Hearing examiner approves Carlsborg manufactured home park again
Published 1:30 am Wednesday, August 26, 2020
Once again, development of a proposed 66-lot manufactured home park in Carlsborg is moving forward.
Clallam County Hearing Examiner Andrew Reeves approved the 55-and-older development at the corner of Atterberry Road and Hooker Road by builder Chris Anderson on Aug. 19.
His latest decision follows an appeal under the Land Use Petition Act (LUPA) by neighbors, called the Concerned Atterberry Neighbors (CAN), in Kitsap Superior Court. They appealed Reeves’ previous approval of the project.
Reeves had rejected two prior applications on the property featuring 77 homes and a similar, 66-home project.
Earlier this year, Melissa Hemstreet, a Kitsap County Superior Court judge, reversed or remanded six alleged violations for the development.
For the application to be approved, Reeves had Anderson and Clallam County staff address six issues for the binding site plan.
Those include:
• if Matriotti Creek is properly classified as a Type 3 stream, requiring a 100-foot buffer
• whether the Habitat Management Plan addresses wildlife species and habitat on site
• if the geotechnical report addresses potential geological hazards
• if materials address a mapped wetland area to the east of the property
• if road widths and right-of-way widths for the private roadways meet code requirements
Stream typing remained a top issue in court.
Hemstreet reversed Reeves’ earlier decision to allow the classification as a Type 3 and 100-foot buffer, as opposed to a Type 2 and 150-foot buffer.
Neighbors contested that a county Critical Areas Map designated Matriotti Creek a Type 2 and Hemstreet felt county officials’ evidence wasn’t strong enough to reclassify it.
To counter this for the latest approval, Clallam county staff amended the Critical Areas Map to show that the creek is a Type 3 stream.
In his decision, Reeves said Hemstreet did not prohibit him in the remand from reviewing additional evidence supporting the finding that the creek is a Type 3, which he felt had been addressed again.
Reeves also said he felt Anderson and the county addressed the court’s issues with a Habitat Management Plan, geotechnical report, wetlands, road widths and right-of-way.

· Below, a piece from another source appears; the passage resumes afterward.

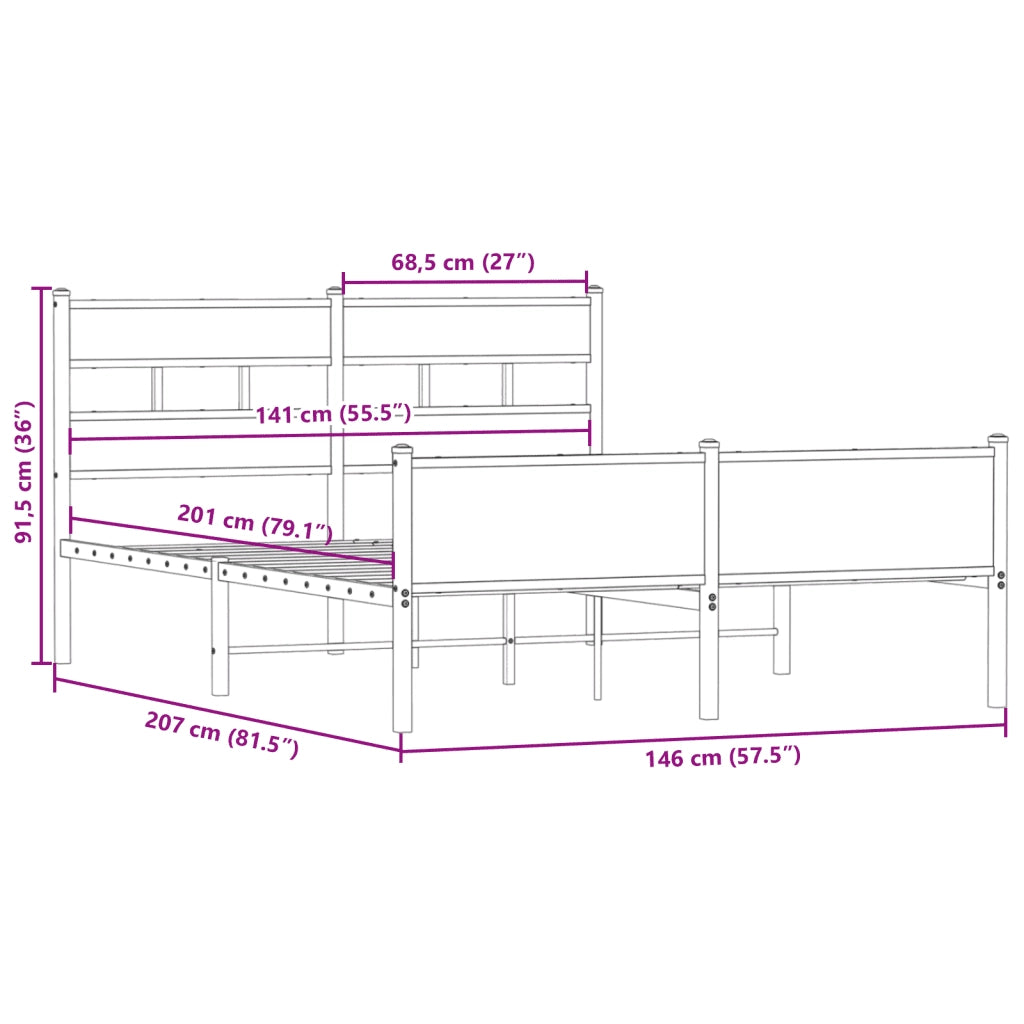 Giroletto senza Materasso Rovere Fumo 140x200 cm in Truciolato 4017237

In his decision, he said the court found his previous approval on the plan did not include a detailed analysis of the Habitat Management Plan, and that Anderson didn’t mention threatened species on-site like steelhead.
However, Anderson submitted a new plan that Reeves said addresses wildlife. It also addresses a mapped wetland on the east side of the property.

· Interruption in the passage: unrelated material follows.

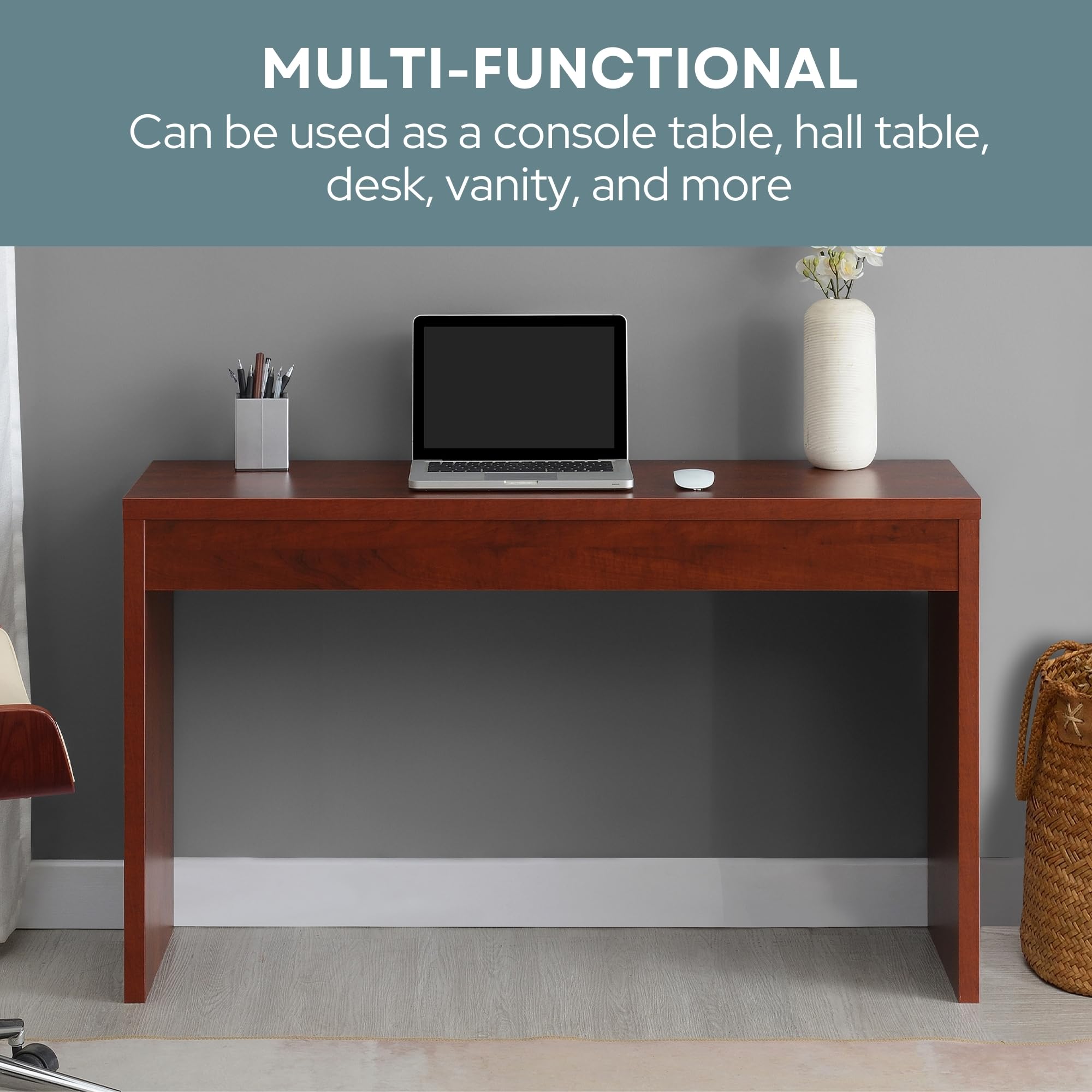 Convenience Concepts Northfield 48-Inch Console Table - Modern Sofa Table for Living Room, Contemporary Entryway Hall Table, Foyer Display Table in Cherry Finish | Perfect for Home Decor, Small Space Furniture & Entryway Organization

Reeves said that county staff reviewed it and found the buffer for Matriotti Creek would exceed any wetland buffer required.
A geotechnical report addressing seismic hazards on site was also submitted prior to the July 16 remand hearing, which Reeves said suffices.

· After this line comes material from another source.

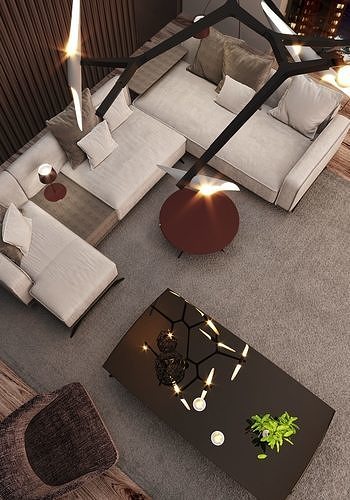 Mid-century interior scene 3D model 3D model 7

Anderson also modified the project’s roads to be 24-feet-wide with at least 50 feet of right-of-way opposed to 20-feet-wide roads at the request of the court.
Appellants have 10 days, or until Saturday, Aug. 29, to appeal Reeves’ decision.
Whether Concerned Atterberry Neighbors will file is unknown.
Representatives said they are “understandably disappointed in the Hearing Examiner’s recent decision, and are still considering whether to appeal.”
“It seems unreasonable to us that Clallam County’s desire to downgrade a stream-type could be accomplished so quickly and administratively by simply changing and re-publishing the stream’s formal depiction on a county map,” they wrote.
“A more reasonable process for properly characterizing a stream-type, in our view, would necessarily involve a science-based fish study to count and identify the specific species actually present from season to season in Matriotti Creek.”